- _Data excerpts_
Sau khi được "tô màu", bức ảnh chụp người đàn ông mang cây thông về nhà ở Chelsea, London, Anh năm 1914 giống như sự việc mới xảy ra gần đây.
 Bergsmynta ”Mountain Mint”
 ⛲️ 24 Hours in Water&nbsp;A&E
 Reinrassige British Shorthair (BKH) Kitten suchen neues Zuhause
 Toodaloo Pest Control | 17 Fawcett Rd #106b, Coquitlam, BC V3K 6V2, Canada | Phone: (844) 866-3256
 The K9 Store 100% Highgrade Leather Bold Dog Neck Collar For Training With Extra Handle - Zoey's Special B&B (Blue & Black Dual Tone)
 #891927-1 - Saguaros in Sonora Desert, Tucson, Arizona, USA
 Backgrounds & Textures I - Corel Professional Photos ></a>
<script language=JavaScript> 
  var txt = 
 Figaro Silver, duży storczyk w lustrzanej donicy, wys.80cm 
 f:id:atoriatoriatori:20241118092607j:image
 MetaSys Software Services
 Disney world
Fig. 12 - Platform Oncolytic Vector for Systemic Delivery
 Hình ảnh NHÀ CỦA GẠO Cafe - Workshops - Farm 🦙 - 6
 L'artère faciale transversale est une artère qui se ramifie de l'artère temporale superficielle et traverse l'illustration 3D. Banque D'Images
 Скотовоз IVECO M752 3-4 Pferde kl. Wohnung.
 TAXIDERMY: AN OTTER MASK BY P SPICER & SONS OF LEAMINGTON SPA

- _Exercise directions_
In the answer, please give only the lines from the line containing "Toodaloo Pest Control" through the final line of the data, copied exactly.

- _Exercise result_
 Toodaloo Pest Control | 17 Fawcett Rd #106b, Coquitlam, BC V3K 6V2, Canada | Phone: (844) 866-3256
 The K9 Store 100% Highgrade Leather Bold Dog Neck Collar For Training With Extra Handle - Zoey's Special B&B (Blue & Black Dual Tone)
 #891927-1 - Saguaros in Sonora Desert, Tucson, Arizona, USA
 Backgrounds & Textures I - Corel Professional Photos ></a>
<script language=JavaScript> 
  var txt = 
 Figaro Silver, duży storczyk w lustrzanej donicy, wys.80cm 
 f:id:atoriatoriatori:20241118092607j:image
 MetaSys Software Services
 Disney world
Fig. 12 - Platform Oncolytic Vector for Systemic Delivery
 Hình ảnh NHÀ CỦA GẠO Cafe - Workshops - Farm 🦙 - 6
 L'artère faciale transversale est une artère qui se ramifie de l'artère temporale superficielle et traverse l'illustration 3D. Banque D'Images
 Скотовоз IVECO M752 3-4 Pferde kl. Wohnung.
 TAXIDERMY: AN OTTER MASK BY P SPICER & SONS OF LEAMINGTON SPA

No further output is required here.